Are you hearing a theme?
Alone, alone, alone!
While the media wails about a loneliness epidemic, you long for nothing more than more of it — more silence, more stillness, the privacy of your own imagination, your soul undisturbed, unperturbed, uninfluenced — to feel your own heartbeat, to be in communion with a God whom nobody taught you to believe in, but whom you found in your own private searchings, to sleep diagonally across your own bed, to make your own art, to eat the little weirdsy meals that a 56-year-old woman makes for herself when nobody is looking, while sitting at the kitchen counter with her unbrushed teeth reading a brilliant novel and speaking aloud to the novelist, who may be dead or alive (who cares, you are in communion)!
What model did you ever have, what model did you ever see in your family, for a woman as free as this?

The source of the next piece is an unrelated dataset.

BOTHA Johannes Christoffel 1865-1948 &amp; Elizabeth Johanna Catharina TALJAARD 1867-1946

None. And nothing but shame is heaped from culture upon the heads — the gloriously shaved heads — of twice-divorced childless women who are also lesbian widows. Where was there a model for THIS? Who taught you to be THIS? Nobody. You never saw anyone who lived like this when you were coming up. Who taught you how to set the boundaries that you have set in recent years that defend this glorious, wild solitude? Nobody, my love. But this is simply what you are, when you allow yourself to run away from the need to be pleasing to others, and when you stretch out the tendrils of your imagination as fully as they can reach, and when you live in your own messy unvarnished truth, and when you don’t even need to tell your critics to fuck off anymore because they don’t even know where you are — they can’t even find you anymore.

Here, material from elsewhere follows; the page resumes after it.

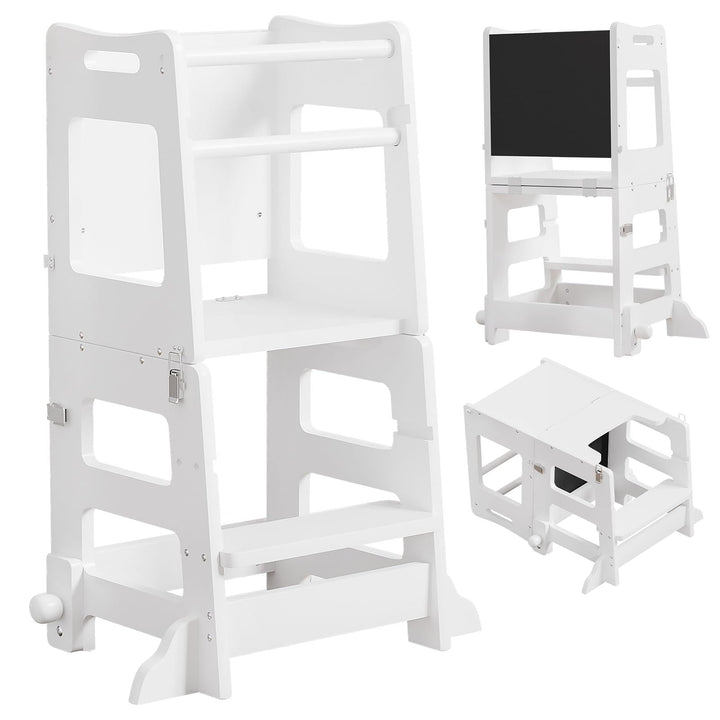 Yorbay 3 in 1 Lernturm ab 1 Jahr: Montessori Lernturm mit Tafel - Learning Tower für Kinder mit Sich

My love, my love, nearly every family and every culture of the world admires an obedient, subservient, dutiful woman. The world wants you locked in a certain set of responsibilities that are limited and limiting, small, tight, and wrought with self-sacrifice. But whenever you try to do that, whenever you try to get their approval you nearly die — every single time. It isn’t safe for you to seek the approval of those who would confine you to nothing but tiny ill-fitting roles and then judge you on how poorly you are playing them. It never was.

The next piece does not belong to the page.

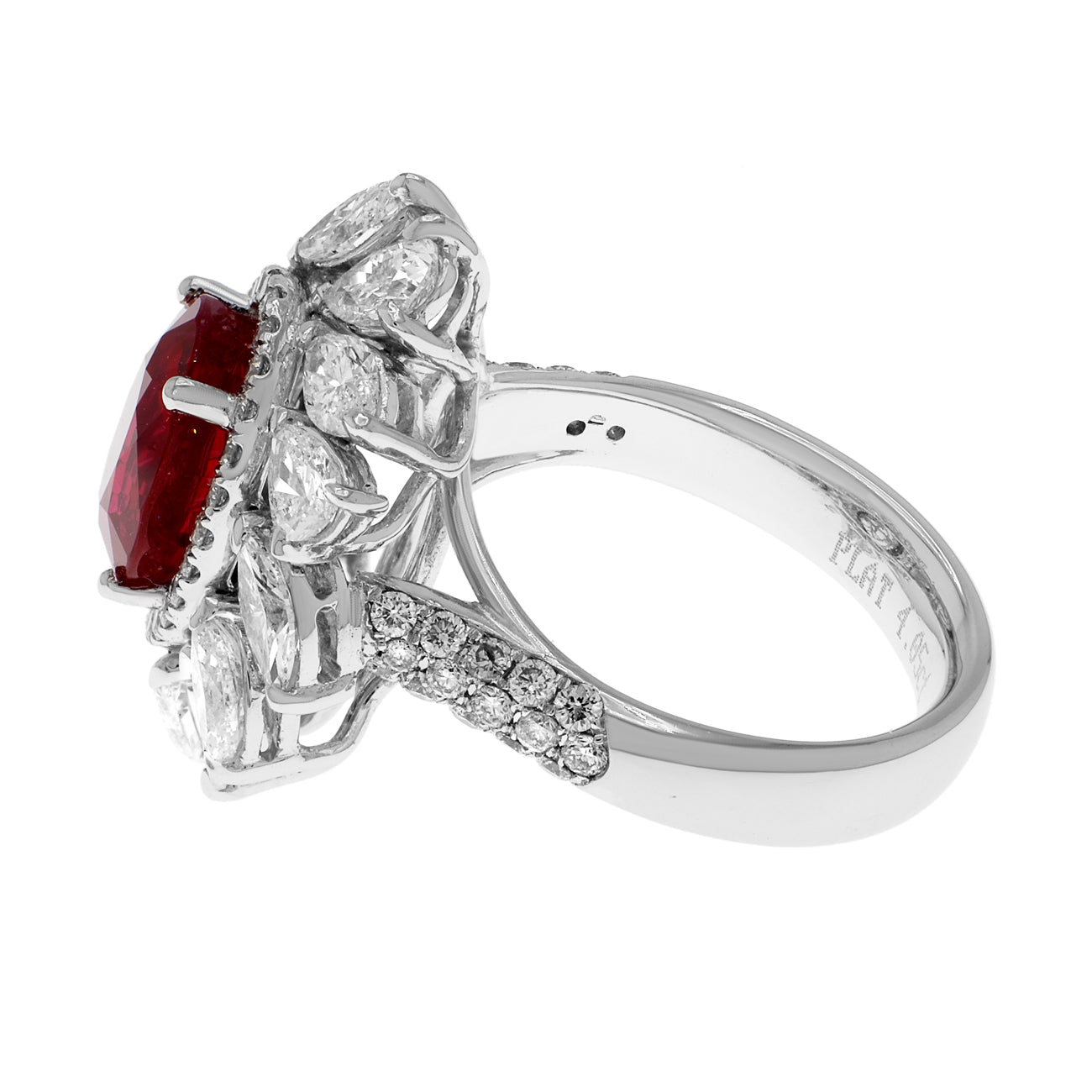 Exclusive Platinum 4.05 Carat Ruby Diamond Ring — 4.5 — Side View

Fail at it, my love. Fail at those roles. Every one of them. Spectacularly.
Because here’s the thing — they still won’t approve of you. No matter what you do, they still won’t approve of you. They’ll just be watching and waiting for you to make the next mistake. So fail immediately, and hard. Be a disaster: it is the agent of your liberation. And once everyone is done shaking their heads at you, then you are free to be forgotten, and to come back to the wildness of your own heart and the unfettered jungle of your own imagination. Which is where you found us, the Spirit of Unconditional Love — not in careful obedience, but in a reckless, primal howl of longing in a dark night of the soul, when, once again, you were absolutely alone. That’s where you heard our voice for the first time. This is where you found the highest, most powerful love. In your blazing holy solitude.
Remember what Martha Beck taught you: true love liberates the beloved. This is our voice, the voice of unconditional love, trying to liberate you even more. For you are our beloved.
If you think we want anything for you more than we want the utter, boundaryless freedom of your spirit, then you don’t know who you’re talking to. And who you are talking to is LOVE. True love, your love, our love, THE love.
Okay, little beast. That’s all. Do whatever you want today. Do whatever you want. Be true to your freedom. We are right here with you, eating it up like candy.
Prompt
Does this look familiar?
This prompt is for anyone who has ever related to Alice (which we secretly suspect is most of us!) — Dear Love, what would you have me know about seeking approval from others?